[Captioned web images]
----
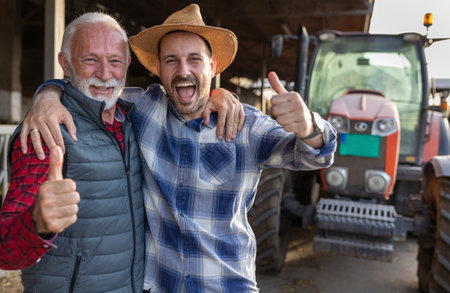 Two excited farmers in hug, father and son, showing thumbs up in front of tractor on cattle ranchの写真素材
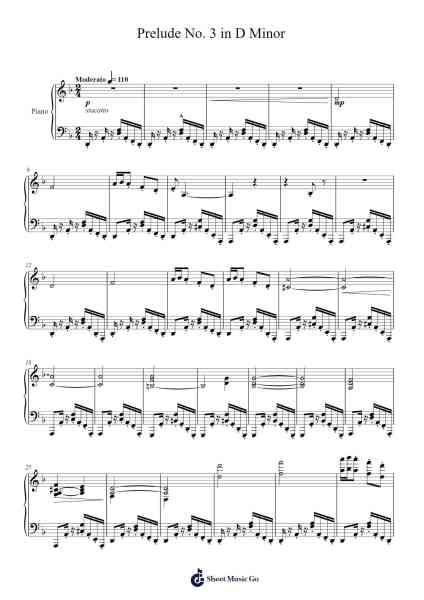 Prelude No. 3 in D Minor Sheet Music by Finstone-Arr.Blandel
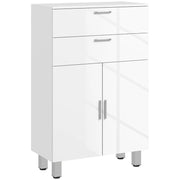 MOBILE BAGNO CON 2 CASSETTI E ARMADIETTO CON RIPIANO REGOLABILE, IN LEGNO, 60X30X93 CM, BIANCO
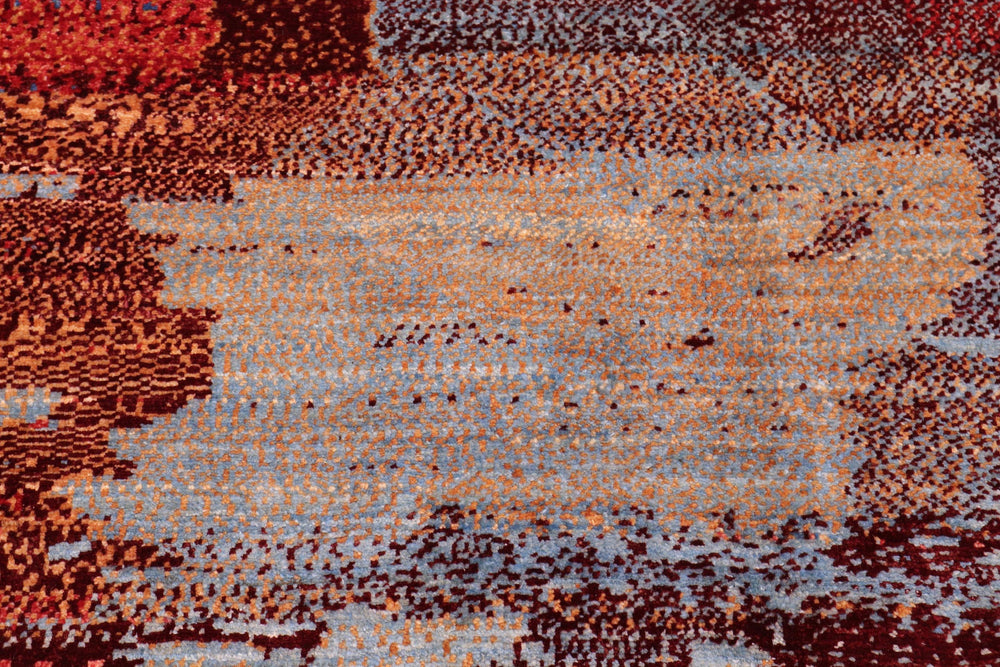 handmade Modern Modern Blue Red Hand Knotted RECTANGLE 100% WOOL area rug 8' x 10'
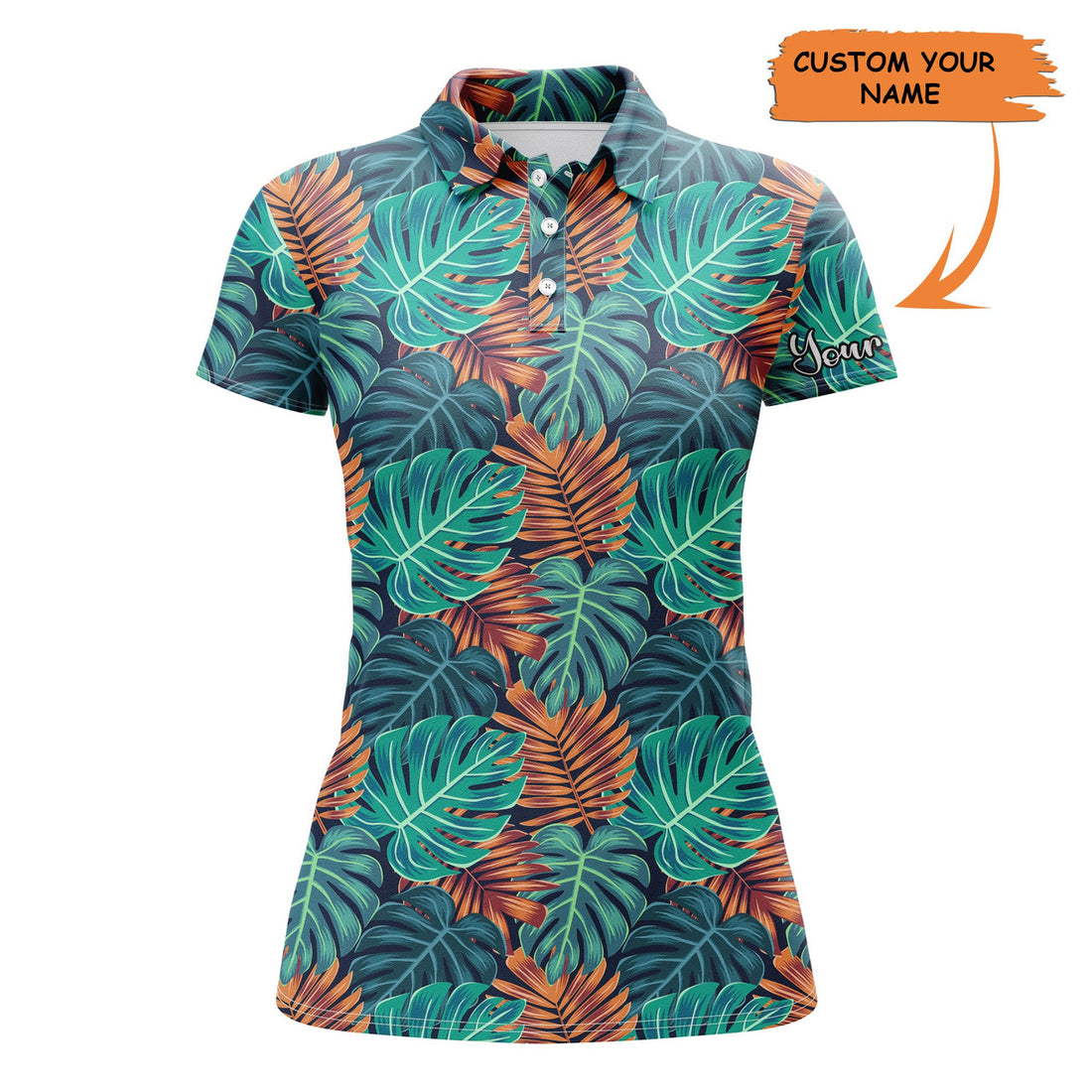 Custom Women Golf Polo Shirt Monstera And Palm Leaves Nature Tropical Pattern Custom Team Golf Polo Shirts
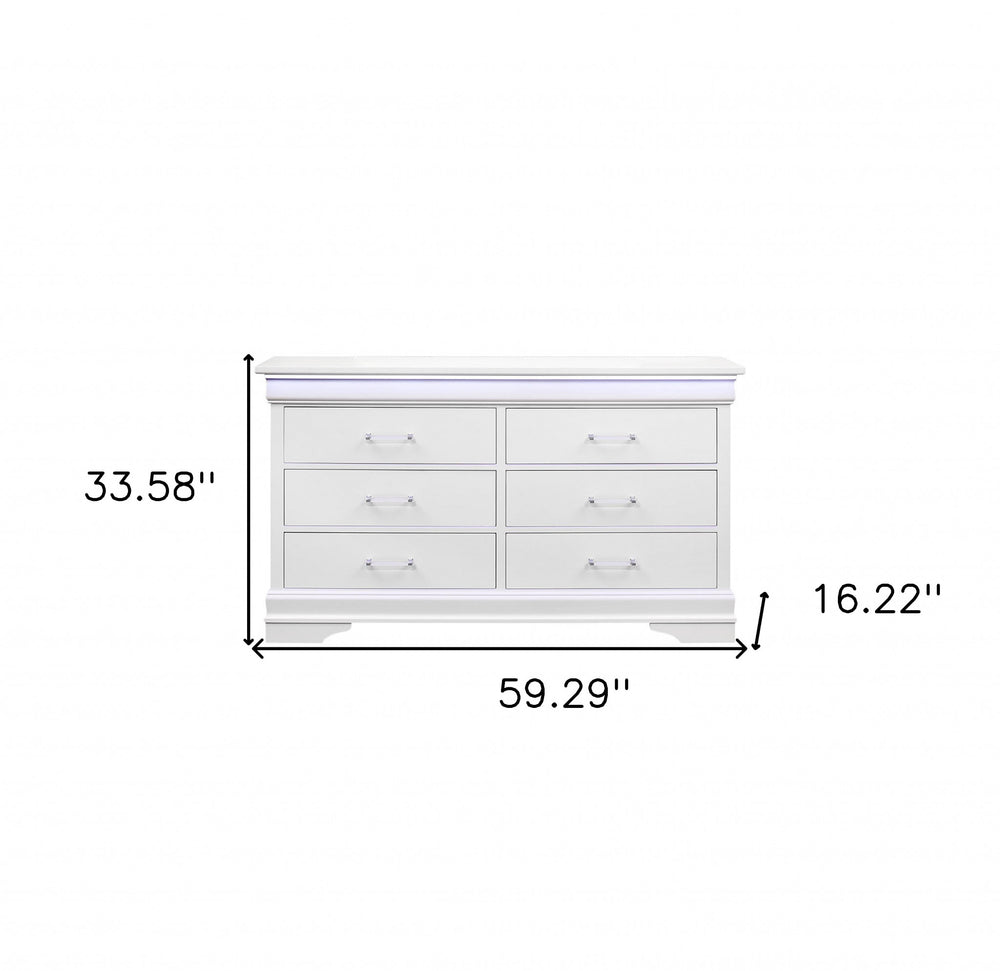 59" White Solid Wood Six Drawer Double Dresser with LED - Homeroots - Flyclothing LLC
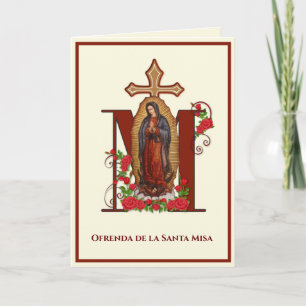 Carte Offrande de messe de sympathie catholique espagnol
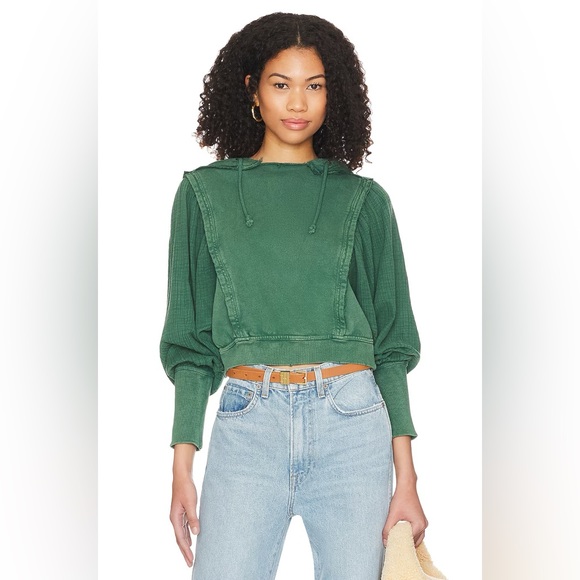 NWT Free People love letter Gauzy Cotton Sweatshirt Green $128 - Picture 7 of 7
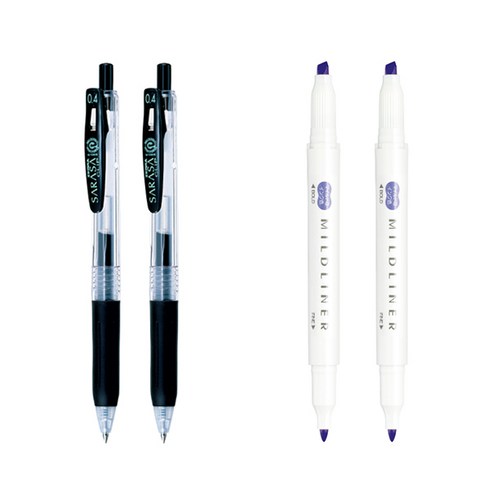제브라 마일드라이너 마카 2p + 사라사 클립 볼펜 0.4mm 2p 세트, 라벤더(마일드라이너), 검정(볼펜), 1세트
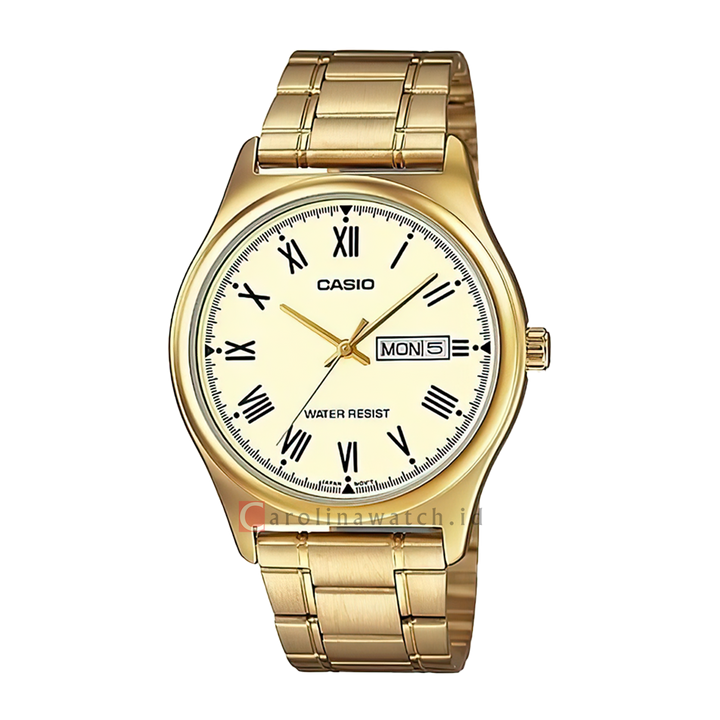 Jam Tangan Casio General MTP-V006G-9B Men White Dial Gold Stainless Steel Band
----
* [YOUR INSTRUCTIONS]
Exact reproduction of the entries above is required, with pictures excluded.

* [RESPONSE TO THE EXERCISE]
 Two excited farmers in hug, father and son, showing thumbs up in front of tractor on cattle ranchの写真素材
 Prelude No. 3 in D Minor Sheet Music by Finstone-Arr.Blandel
 MOBILE BAGNO CON 2 CASSETTI E ARMADIETTO CON RIPIANO REGOLABILE, IN LEGNO, 60X30X93 CM, BIANCO
 handmade Modern Modern Blue Red Hand Knotted RECTANGLE 100% WOOL area rug 8' x 10'
 Custom Women Golf Polo Shirt Monstera And Palm Leaves Nature Tropical Pattern Custom Team Golf Polo Shirts
 59" White Solid Wood Six Drawer Double Dresser with LED - Homeroots - Flyclothing LLC
 Carte Offrande de messe de sympathie catholique espagnol
 NWT Free People love letter Gauzy Cotton Sweatshirt Green $128 - Picture 7 of 7
제브라 마일드라이너 마카 2p + 사라사 클립 볼펜 0.4mm 2p 세트, 라벤더(마일드라이너), 검정(볼펜), 1세트
 Jam Tangan Casio General MTP-V006G-9B Men White Dial Gold Stainless Steel Band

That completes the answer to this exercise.